_Work task_
Leaving out the pictures, please retype each record exactly.

Caption-style text data:
"""

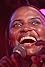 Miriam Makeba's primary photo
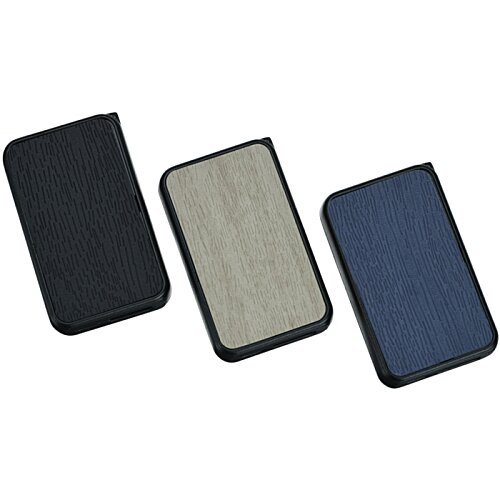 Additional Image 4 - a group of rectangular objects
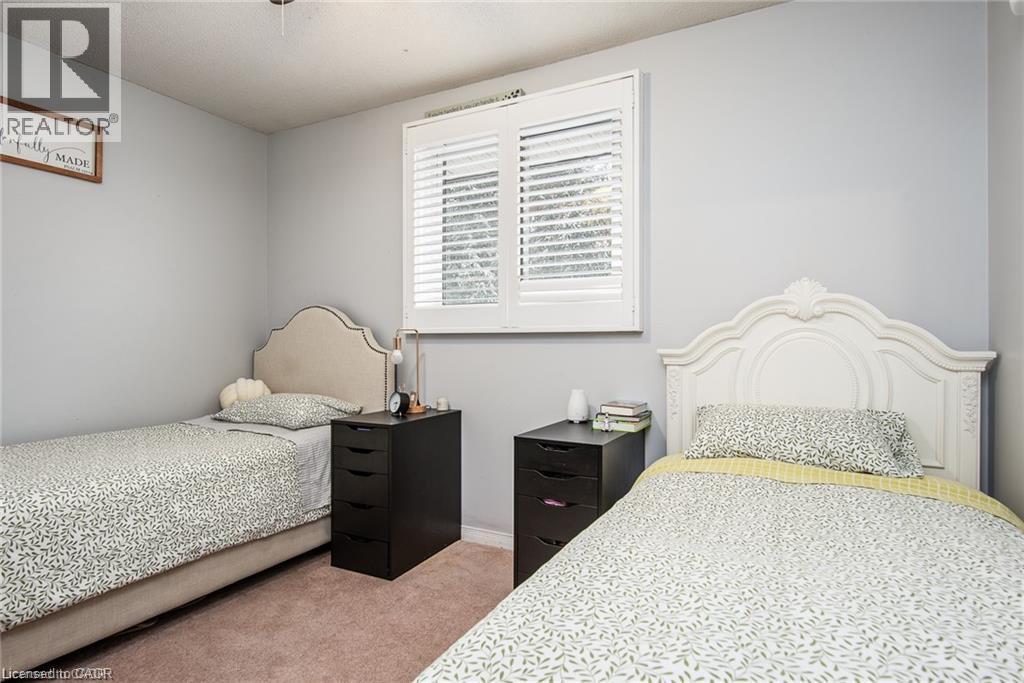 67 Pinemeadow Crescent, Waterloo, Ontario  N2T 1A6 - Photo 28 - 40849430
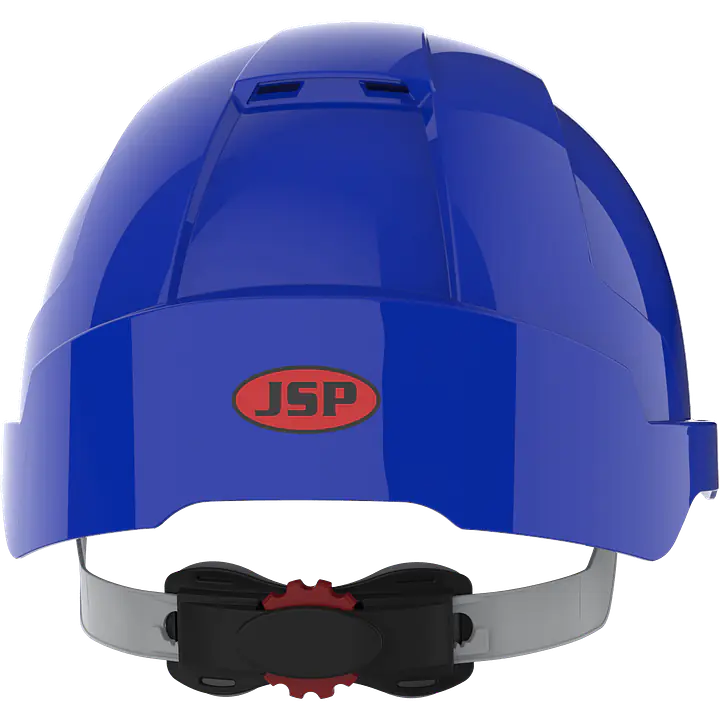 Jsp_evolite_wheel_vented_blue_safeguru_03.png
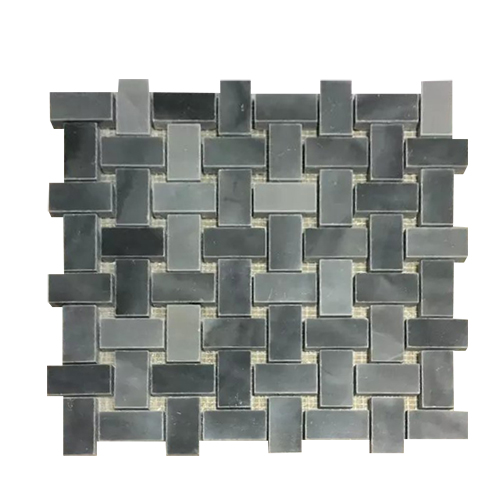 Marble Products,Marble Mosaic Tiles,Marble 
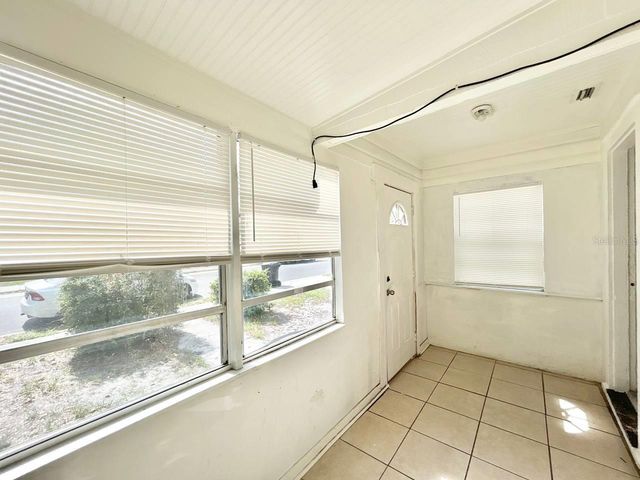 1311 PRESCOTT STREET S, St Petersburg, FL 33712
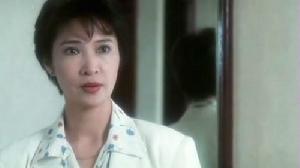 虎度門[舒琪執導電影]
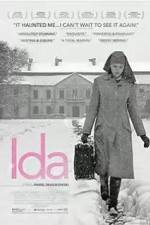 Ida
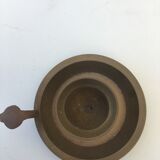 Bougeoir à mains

"""

_Output for this task_
 Miriam Makeba's primary photo
 Additional Image 4 - a group of rectangular objects
 67 Pinemeadow Crescent, Waterloo, Ontario  N2T 1A6 - Photo 28 - 40849430
 Jsp_evolite_wheel_vented_blue_safeguru_03.png
 Marble Products,Marble Mosaic Tiles,Marble 
 1311 PRESCOTT STREET S, St Petersburg, FL 33712
 虎度門[舒琪執導電影]
 Ida
 Bougeoir à mains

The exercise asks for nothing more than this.